→ **EXERCISE MATERIAL**:
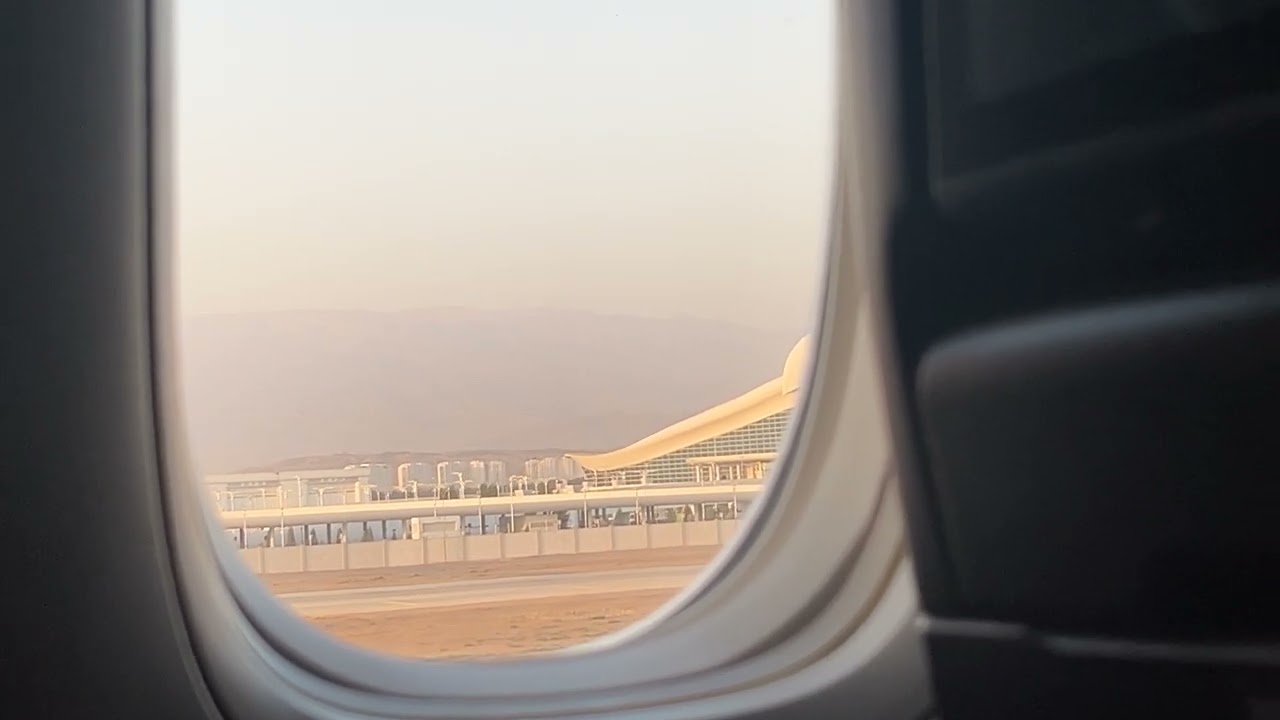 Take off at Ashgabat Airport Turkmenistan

---

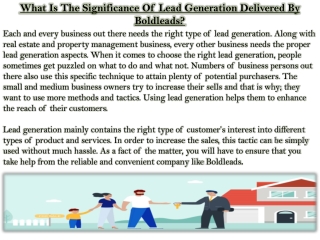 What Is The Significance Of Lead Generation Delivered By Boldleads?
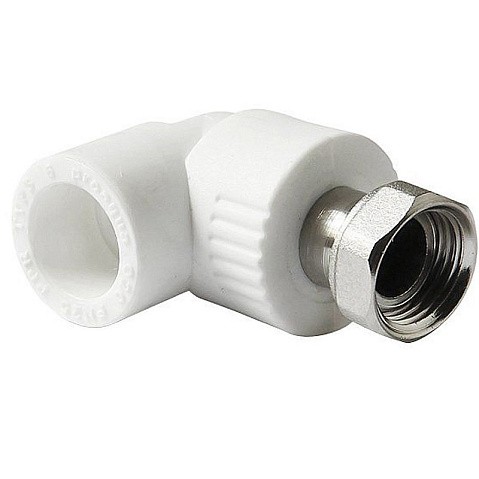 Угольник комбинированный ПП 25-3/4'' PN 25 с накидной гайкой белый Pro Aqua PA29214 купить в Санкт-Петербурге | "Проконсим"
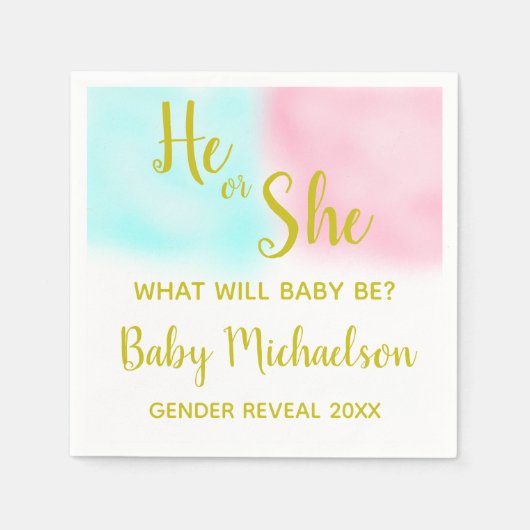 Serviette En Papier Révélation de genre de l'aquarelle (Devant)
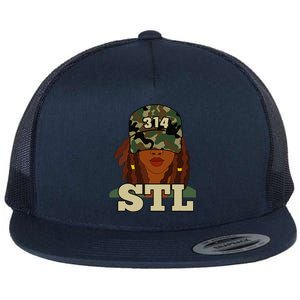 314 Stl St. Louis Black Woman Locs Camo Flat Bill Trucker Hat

---

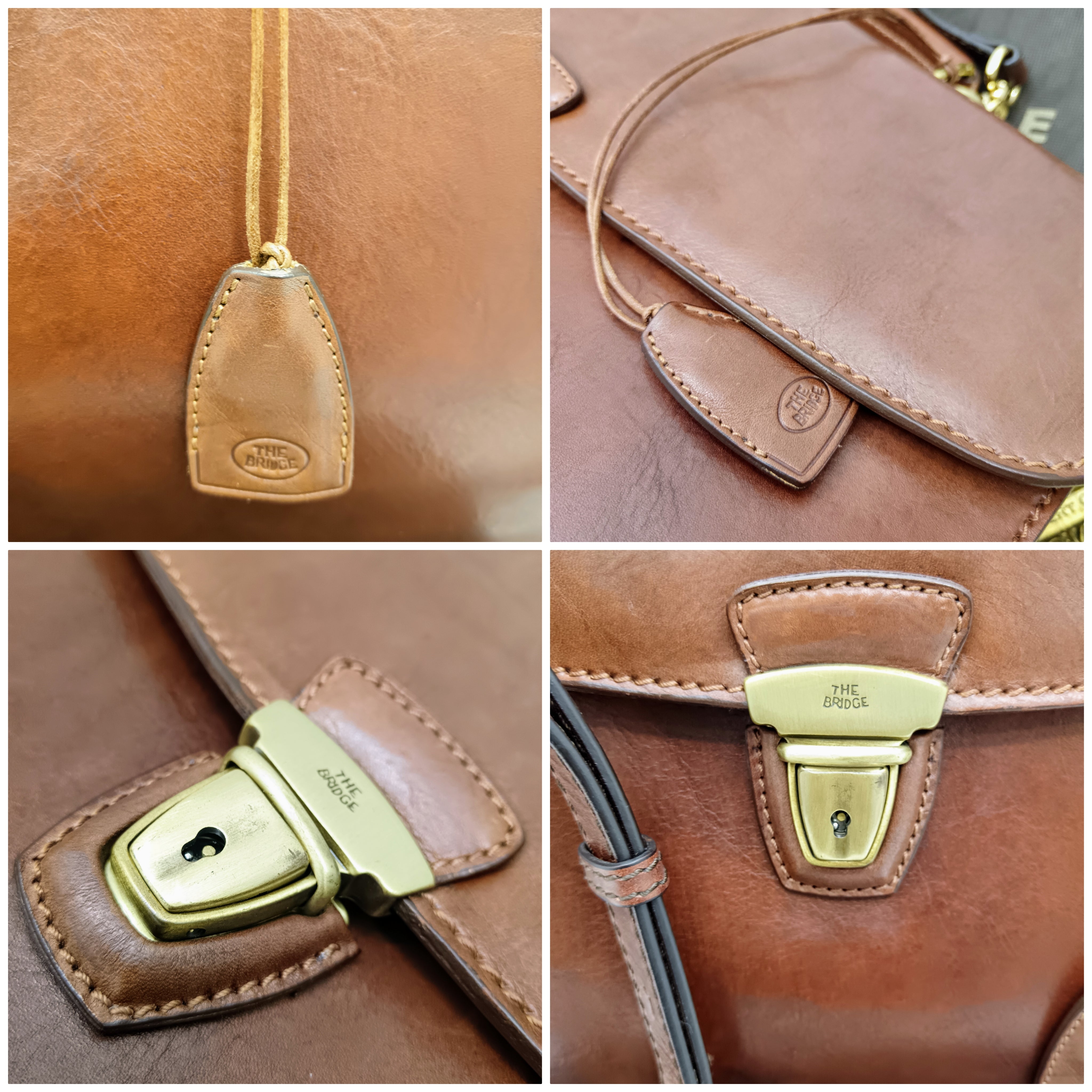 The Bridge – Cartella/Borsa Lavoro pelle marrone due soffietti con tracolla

→ **EXERCISE INSTRUCTIONS**:
Lines from the one above containing "Угольник комбинированный ПП" down to the one containing "314 Stl St." should be transcribed exactly, with both ends kept and no pictures.

→ **RESPONSE AREA**:
 Угольник комбинированный ПП 25-3/4'' PN 25 с накидной гайкой белый Pro Aqua PA29214 купить в Санкт-Петербурге | "Проконсим"
 Serviette En Papier Révélation de genre de l'aquarelle (Devant)
 314 Stl St. Louis Black Woman Locs Camo Flat Bill Trucker Hat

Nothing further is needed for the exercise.